「翔ける」は本当に五段動詞?

 動詞の自他をいろいろ調べていて気付いたことがあるんですけど、「翔ける/翔る(かける)」という動詞は私の語感だと「翔けない(kake-nai)」「翔けます(kake-masu)」みたいに活用するんで一段動詞だろうと思ったんです。でも辞書(明鏡国語辞典第二版)を引くとなんと五段動詞でした。

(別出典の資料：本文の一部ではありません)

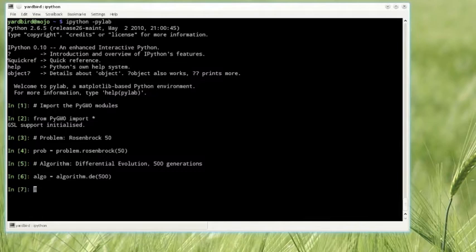Instead of applying differential evolution directly to solve the problem, which in this simple case would probably work, we exploit PyGMO's generalized island model to run several instances in parallel and allow migrations between them. Sounds difficult? Two lines of code.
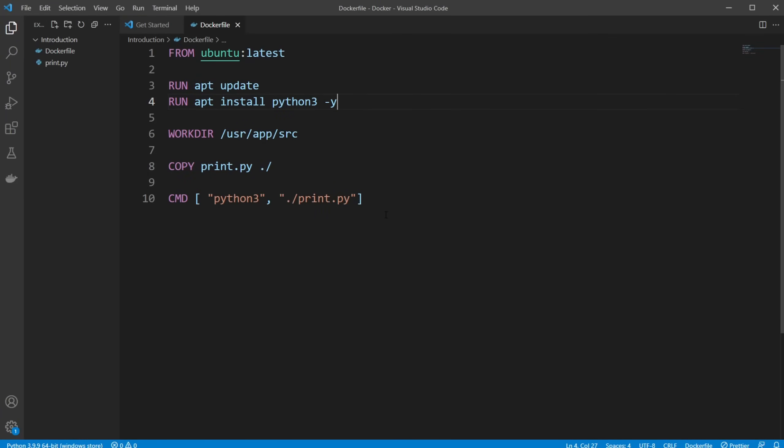Hey, it's RandomCode here. And today I want to showcase how we can run a basic Python script inside a Docker container.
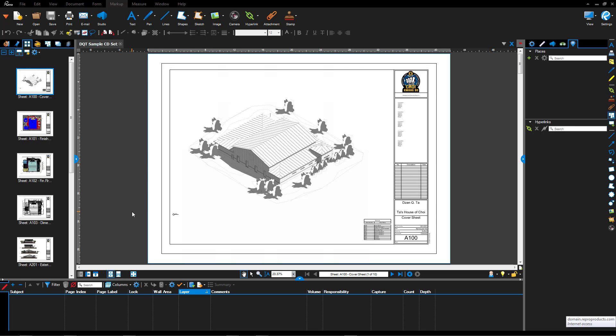Welcome, this is Zahn with RepoProducts. Today's video is a tutorial on how to work with hyperlinks in Bluebeam Review 2016.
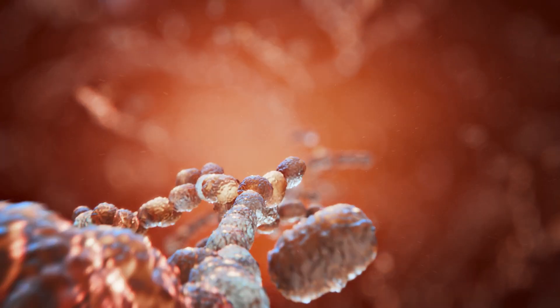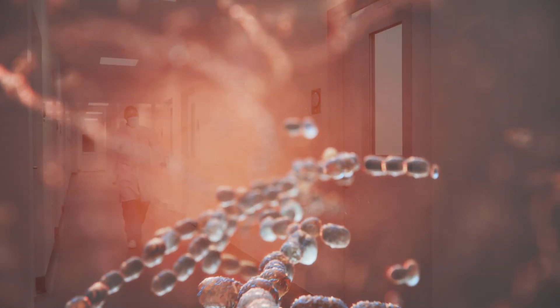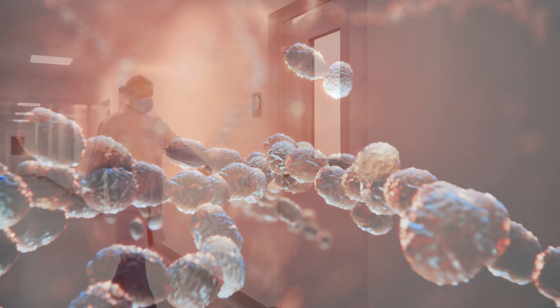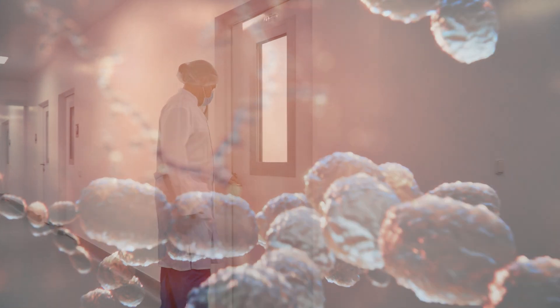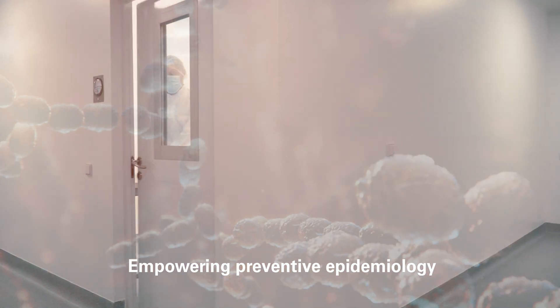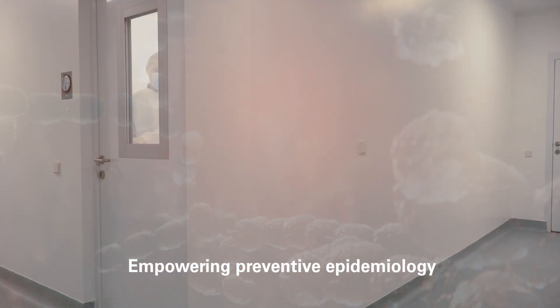The IR Biotyper delivers same-day strain typing results, allowing retrospective epidemiology to be replaced by preventive epidemiology.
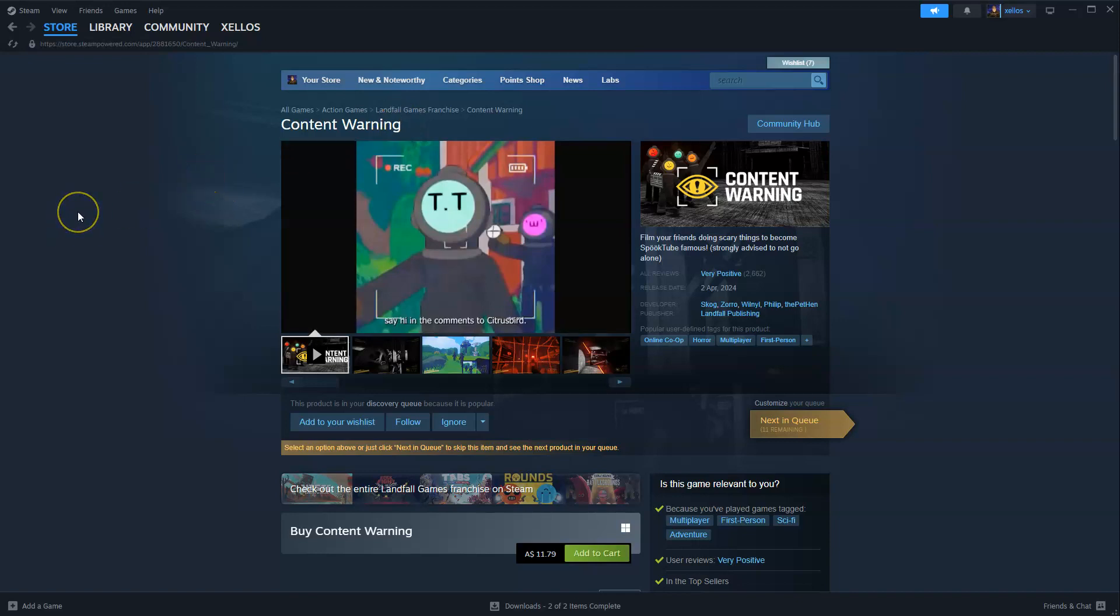Now to get this game you're going to need to download Steam, so if you haven't got Steam please head over to steam.com, create and log into your account.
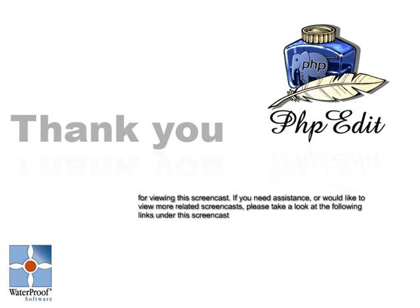Thank you for taking your time to view this screencast. If you need assistance or you would like to view more related screencasts, please visit one of the following links.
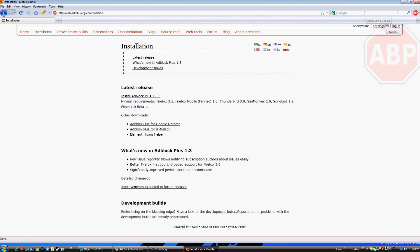And now we have, as you can see in the top right corner, we now have adblockplus installed. You're no longer going to have any ads on your YouTube videos with Mozilla anymore.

 もし「翔ける」が五段動詞だったら、一段動詞だったらどんな形になるのかを表にしました。辞書形だと分からないですけど、活用形にするとその違いがちゃんと現れます。みなさんはどっちがしっくりくるでしょうか。

五段動詞 一段動詞
辞書形 翔ける(kaker-u) 翔ける(kake-ru)
ナイ形 翔けらない(kaker-anai) 翔けない(kake-nai)
マス形 翔けります(kaker-imasu) 翔けます(kake-masu)
テ形 翔って(kaker-ite) 翔けて(kake-te)
命令形 翔けれ(kaker-e) 翔けろ(kake-ro)

 ちなみにXのツイートをいろいろ調べてみると… 「翔ける」が五段動詞として使われている例が見つかります。

 (1) どこまでも二人で翔けてほしい
 (2) 翔け抜けろ
 (3) 世界を翔けろ

 (1)のテ形「翔けて」を見ると一段動詞として扱われていることが分かります。(2)の「翔け抜ける」は複合動詞ですけど、複合動詞の前部要素は動詞のマス形が置かれます。だからこの「翔け(ます)」は一段動詞です。(3)の「翔けろ」も一段動詞ですね。

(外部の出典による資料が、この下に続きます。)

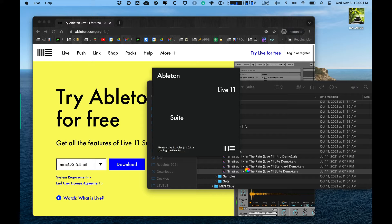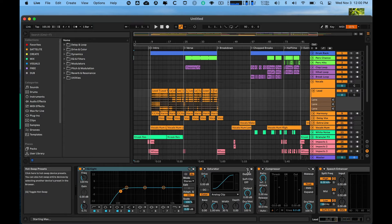It's a pretty complicated set — if you've got an older computer it might bog down your CPU quite a bit. There's a lot going on, but it's pretty fun to play around with and get an idea for what you can do with Live.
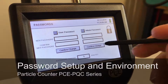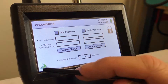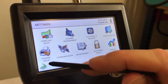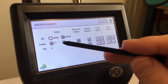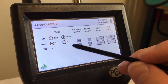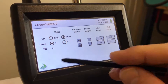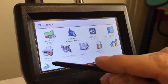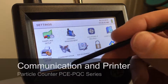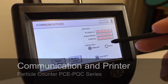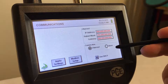Password setup is self-explanatory. Environment — if you want to change from Fahrenheit to Celsius or change your alarm settings, you can do that here. Communication — you can do wirelessly or through the ethernet connection.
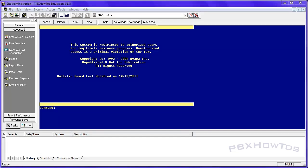Hey guys, CJ here, PBX How To's. Another trunking video, this one on central office trunks or CO trunks.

 (4) 釧路の空に 舞い翔けり ウミネコたちの声響く

 (4)の「翔けり」は五段動詞として用いられている例ですが、五段動詞として用いられている「翔ける」は検索してもあまりなくて肌感覚としては少ないし、やっぱり語感も変だなあと感じます。「翔けれ」よりも「翔けろ」のほうがよく聞く気がしますから。

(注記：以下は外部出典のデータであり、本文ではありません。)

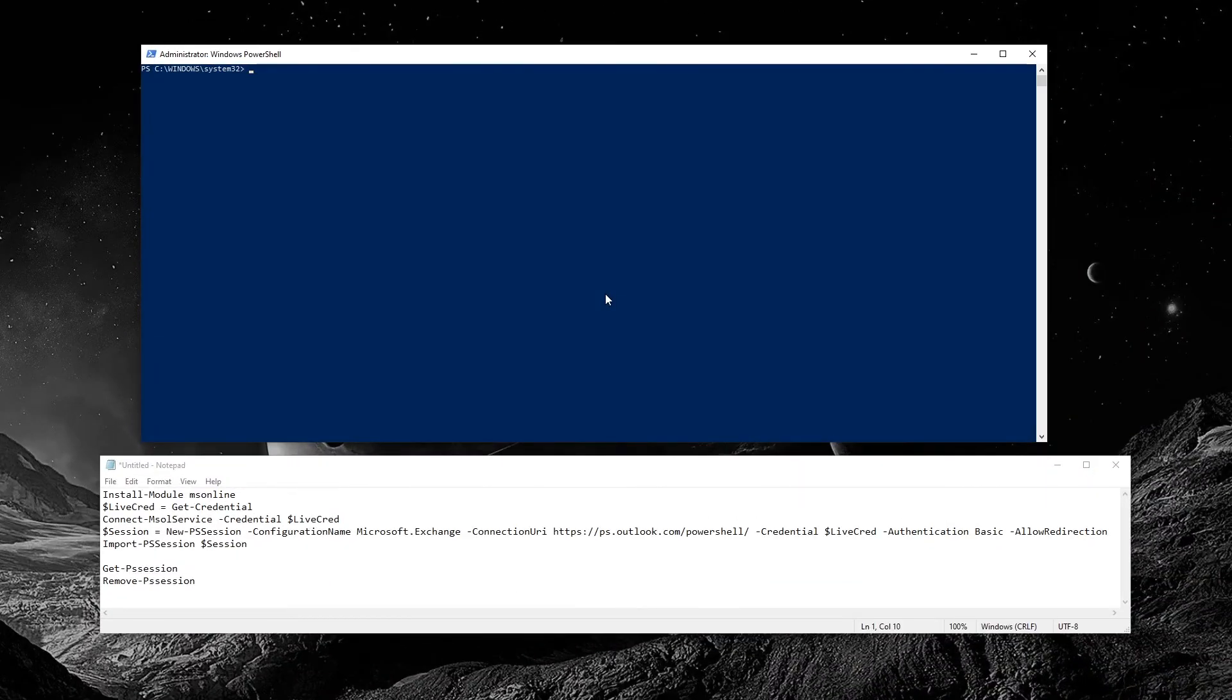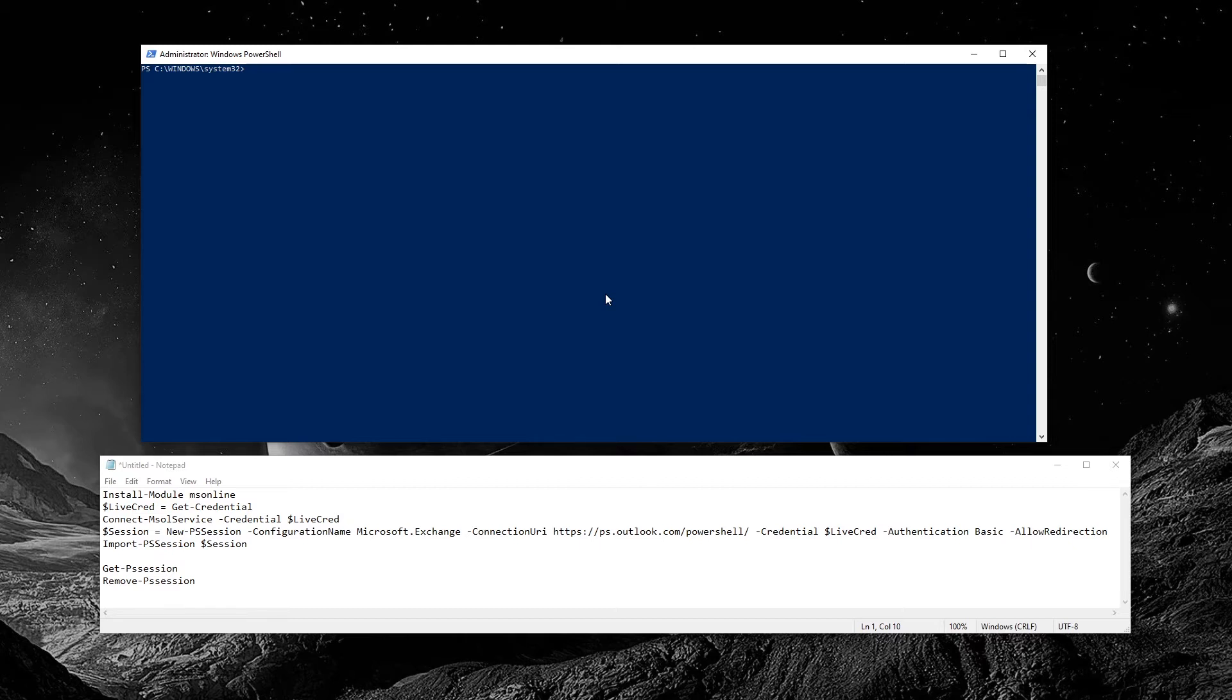After downloading and installing the Sign-in Assistant, open PowerShell as an admin and then install the MS-online module.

 私の予想ですが、たぶん一段動詞の「駆ける」が影響してるかもしれません。音も同じだし、意味も同じく移動で似てるからです。辞書に示されているように以前は五段だったのかもしれませんけど、今はどちらかというと活用が一段動詞化している可能性が? ちゃんと調べようと思ったら日本語史。